Kürzlich erst bin ich aus der Ukraine zurückgekehrt. In der Stadt Lwiw schulte ich in einem Krankenhaus das medizinische Personal. Das Team dort hatte uns um Unterstützung gebeten. Als wir mit dem ersten Training begannen, konnte ich die Anspannung im Raum fast körperlich spüren. Kein Wunder, der Krieg rückte immer näher. Ich ging mit den Teilnehmer:innen unter anderem die wichtigsten Fragen durch, die beim Eintreffen von Verletzten zu stellen sind. Manche können wir durch unsere Beobachtung beantworten: Hat die Person Puls? Atmet sie? Andere Fragen stellen wir den Verletzten direkt, um zu sehen, ob sie auf Anweisungen reagieren: Können Sie meine Hand drücken? Auf diese Weise nehmen wir eine sehr rasche Einschätzung der Patient:innen vor. Dabei ist es auch wichtig, dass die Abläufe und Aufgaben genau definiert sind. Eine farbliche Einteilung des Behandlungsbereiches hilft dabei. Gemeinsam mit den ukrainischen Verantwortlichen haben wir die Notaufnahme ein wenig umgebaut und nach Farben aufgeteilt: rot, gelb und grün. Wenn die Patient:innen ankommen, weisen wir sie den entsprechend markierten Bereichen zu: Rote, also kritische Patient:innen, bringen wir in den Schockraum, wo sie umgehend behandelt werden. Der gelbe Bereich bedeutet, hier ist rasche Hilfe nötig. Und grün heißt, diese Patient:innen können warten. „Triage“ nennt man dieses Sortieren nach medizinischer Dringlichkeit. 
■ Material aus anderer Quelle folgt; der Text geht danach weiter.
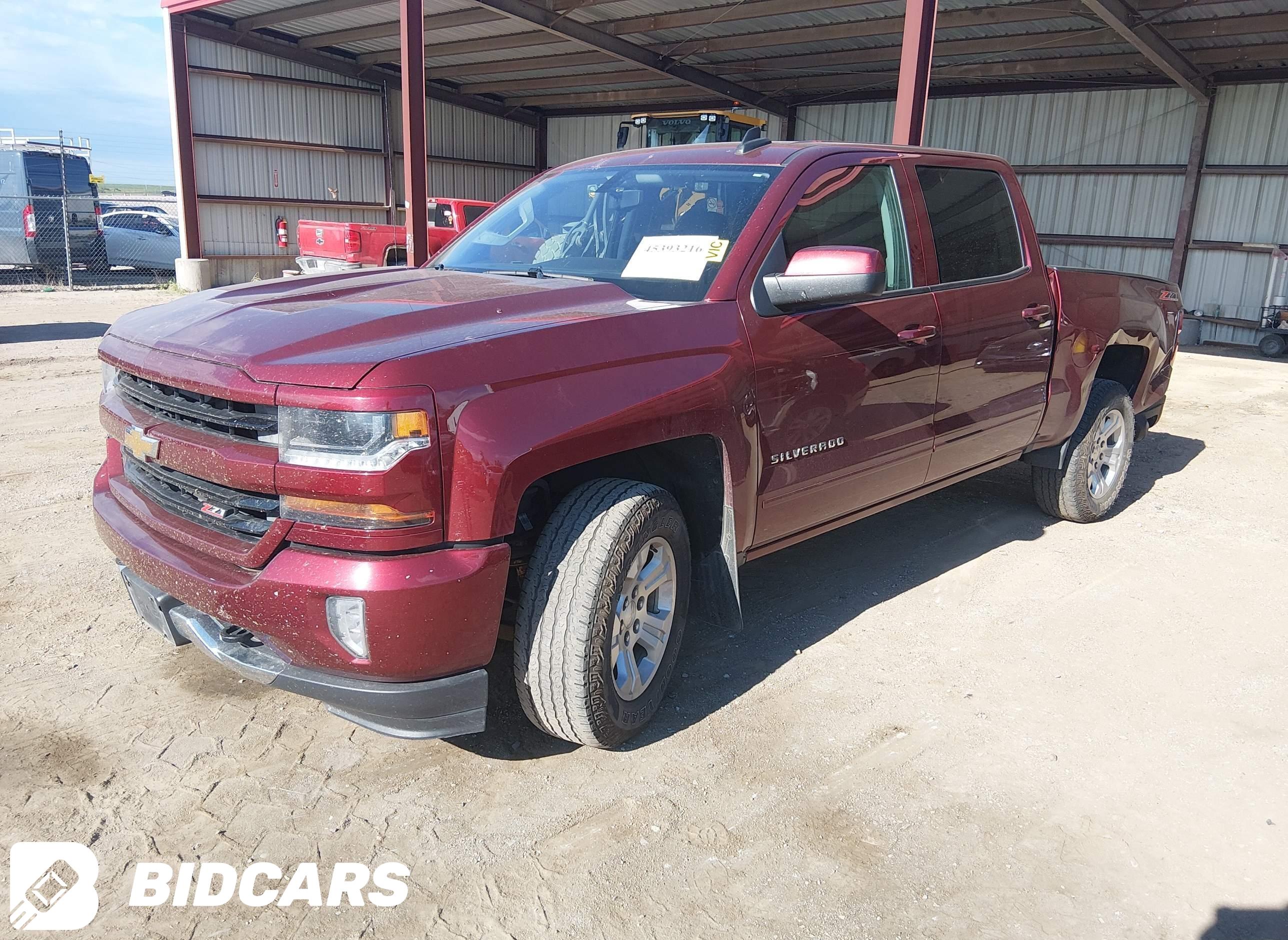 2016 Chevrolet Silverado 1500...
Nach einem der ersten Trainings bedankte sich Yuri, ein Krankenpfleger, bei mir und meinte: „Das Training war wirklich hilfreich und praxisnah.“ Eine Woche später traf ich ihn wieder. Am Wochenende war ein militärischer Trainingsstützpunkt in der Nähe bombardiert worden. Ich sah die Besorgnis in Yuris Augen, als er sagte: „Ich hätte nicht gedacht, dass es so schnell gehen würde.“ Immer wieder hörten wir in diesen Tagen die Sirenen, die vor Luftangriffen warnten. Mehrmals mussten wir hinunter in den Schutzraum. Umso wichtiger war es – das war uns allen klar – dass wir Ärzt:innen und Pfleger:innen auf den Ernstfall vorbereitet haben. Unsere Hilfe macht einen Unterschied. Manchmal werde ich gefragt, warum ich Notarzt geworden bin. Ich wollte immer schon dort helfen, wo meine Arbeit einen existenziellen Unterschied macht. Für die Einsätze mit Ärzte ohne Grenzen gilt dies in besonderer Weise.